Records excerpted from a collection
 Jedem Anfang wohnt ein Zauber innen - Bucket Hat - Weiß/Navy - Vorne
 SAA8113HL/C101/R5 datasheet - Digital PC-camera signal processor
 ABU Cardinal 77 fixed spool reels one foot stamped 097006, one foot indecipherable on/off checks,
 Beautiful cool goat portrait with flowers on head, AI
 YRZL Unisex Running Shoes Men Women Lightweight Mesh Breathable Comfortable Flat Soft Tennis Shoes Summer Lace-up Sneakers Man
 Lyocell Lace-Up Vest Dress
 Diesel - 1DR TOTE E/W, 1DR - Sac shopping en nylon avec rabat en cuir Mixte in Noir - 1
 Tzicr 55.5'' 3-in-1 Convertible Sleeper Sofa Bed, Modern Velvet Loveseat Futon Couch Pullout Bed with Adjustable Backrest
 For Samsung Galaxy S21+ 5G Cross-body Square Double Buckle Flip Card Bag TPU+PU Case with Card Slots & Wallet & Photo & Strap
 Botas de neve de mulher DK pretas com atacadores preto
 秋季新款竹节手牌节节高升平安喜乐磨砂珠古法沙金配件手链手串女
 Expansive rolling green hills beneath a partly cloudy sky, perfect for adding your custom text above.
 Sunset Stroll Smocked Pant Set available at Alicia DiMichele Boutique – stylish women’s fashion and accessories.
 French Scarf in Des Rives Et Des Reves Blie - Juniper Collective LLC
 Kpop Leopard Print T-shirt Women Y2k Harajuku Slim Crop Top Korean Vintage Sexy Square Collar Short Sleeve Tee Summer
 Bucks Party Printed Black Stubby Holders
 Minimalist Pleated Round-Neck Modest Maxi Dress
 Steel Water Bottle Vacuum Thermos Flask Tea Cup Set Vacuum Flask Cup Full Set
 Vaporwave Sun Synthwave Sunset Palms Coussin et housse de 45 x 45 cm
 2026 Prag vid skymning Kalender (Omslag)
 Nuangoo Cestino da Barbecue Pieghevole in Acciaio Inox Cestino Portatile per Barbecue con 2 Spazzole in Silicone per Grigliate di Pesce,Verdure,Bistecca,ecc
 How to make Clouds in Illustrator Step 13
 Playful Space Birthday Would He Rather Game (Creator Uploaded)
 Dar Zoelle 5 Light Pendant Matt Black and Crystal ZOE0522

* **TRY IT**:
Only the lines above from the one with "SAA8113HL/C101/R5 datasheet - Digital" up to and including the one with "Beautiful cool goat" should be repeated, exactly as written.

* **SOLUTION TO THE PROBLEM**:
 SAA8113HL/C101/R5 datasheet - Digital PC-camera signal processor
 ABU Cardinal 77 fixed spool reels one foot stamped 097006, one foot indecipherable on/off checks,
 Beautiful cool goat portrait with flowers on head, AI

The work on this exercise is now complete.